By most measures, December and January are the worst months for inversions, but on average, ozone concentrations are higher in February (Mansfield, 2017; Mansfield and Hall, 2018).  This occurs because the lower solar zenith angle and the lengthening day in February provide more sunlight for ozone production.  Ozone production rates are more rapid as the season moves further away from the winter solstice, so weaker inversions later in the winter season are still able to produce ozone, as long as snow cover remains.

Air Pollutant Emissions

Inventoried Anthropogenic Emissions

Regulatory agencies with jurisdiction in the Uinta Basin have worked with industry to develop an oil and gas emissions inventory for 2014, and a new effort for 2017 is underway (UDAQ, 2018). These new emissions inventories have more detailed information about emission sources (e.g., emission types, locations and emission activities) than any other emission database in existence. Thus, this inventory allows for high accuracy in the temporal and spatial allocation of emission sources to the modeling domain. As with previous inventories, however, application of this inventory in our photochemical models still results in underestimation of wintertime ozone.  This underestimation could be due to overestimation of NOx emissions, underestimation of organic compound emissions, or the inability of the meteorological model to accurately simulate winter inversion conditions.
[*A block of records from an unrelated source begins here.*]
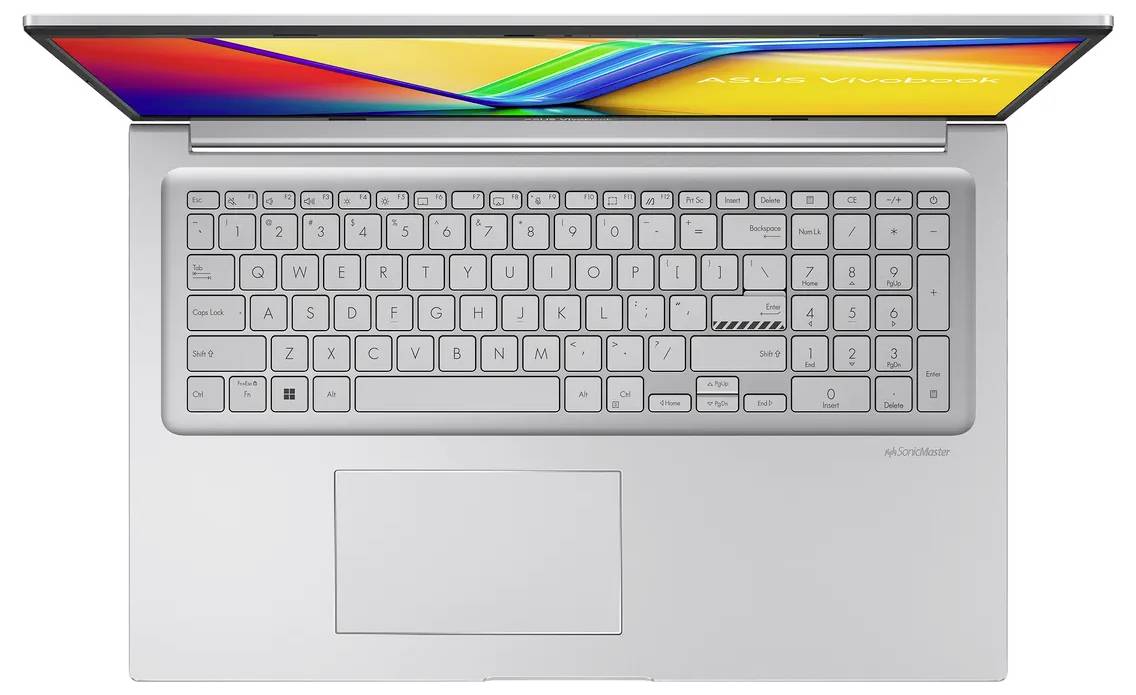 Draufsicht auf einen silbernen Laptop mit großer Tastatur und zentriertem Touchpad, geöffnet mit hellem mehrfarbigem Bildschirm.
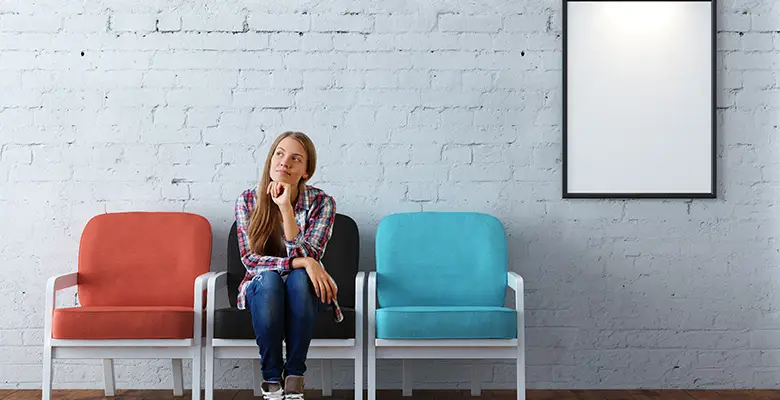 Thoughtful woman room with frame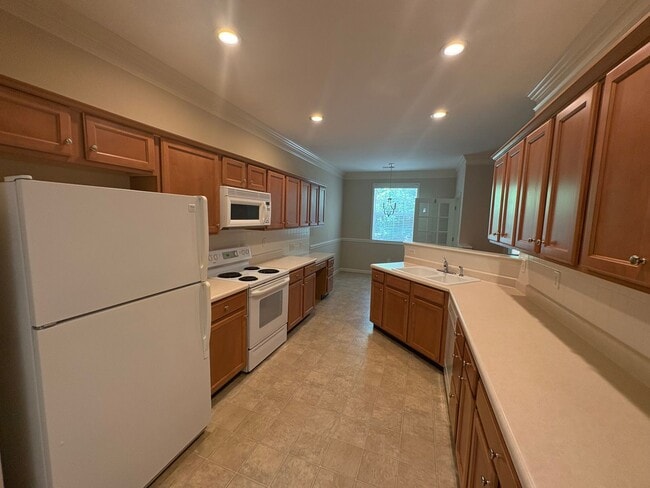 Building Photo - 3BR/2BA Condo with Sunroom & 2-Car Garage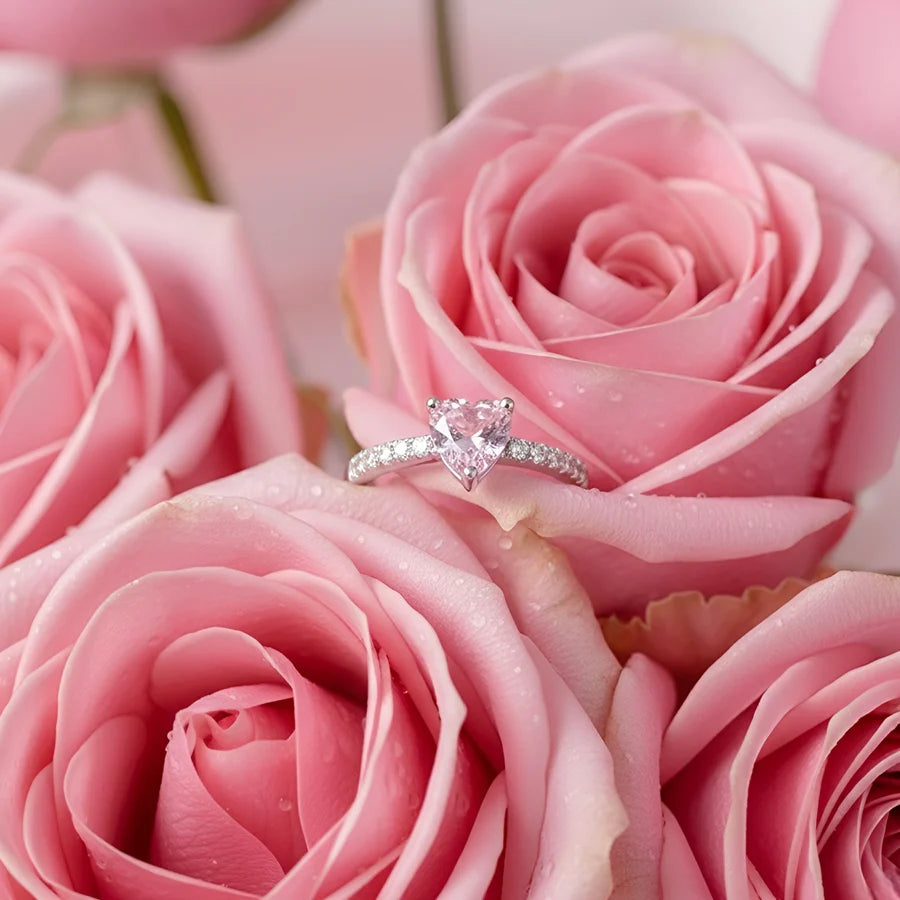 Heart-shaped diamond ring on pink roses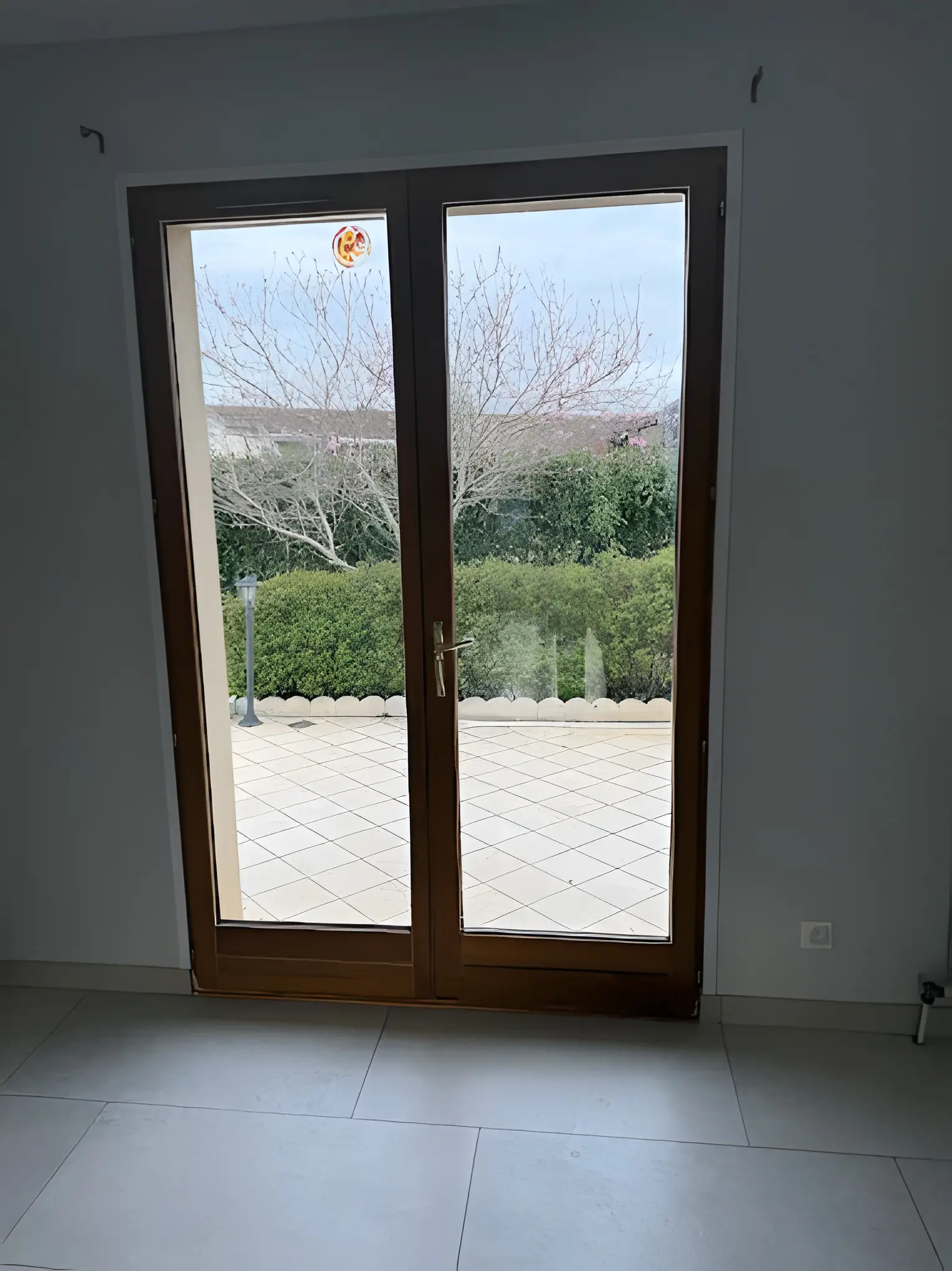 Porte-fenêtre deux vantaux ton bois posée dans une pièce au sol carrelé, terrasse et haie derrière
Several measurement-based estimates of a Basin-wide emissions of organic compounds exist, and all estimate much higher emissions than are predicted by official inventories (Ahmadov et al., 2015; Foster et al., 2017a; Karion et al., 2013; Koss et al., 2015; Matichuk et al., 2017; Robertson et al., 2017; Foster et al., 2019).

Methane emissions per well pad in the Uinta Basin the third highest in a study of eight oil and gas-producing basins, and methane emissions normalized by natural gas production were highest in the Uinta Basin.  At least a part of the reason for high production-normalized emissions in the Uinta Basin can be explained by a high number of low-producing wells (Omara et al., 2018).

Wilkey et al. (2016) developed a method to predict emissions from the Uinta Basin oil and gas sector based on energy industry forecast data.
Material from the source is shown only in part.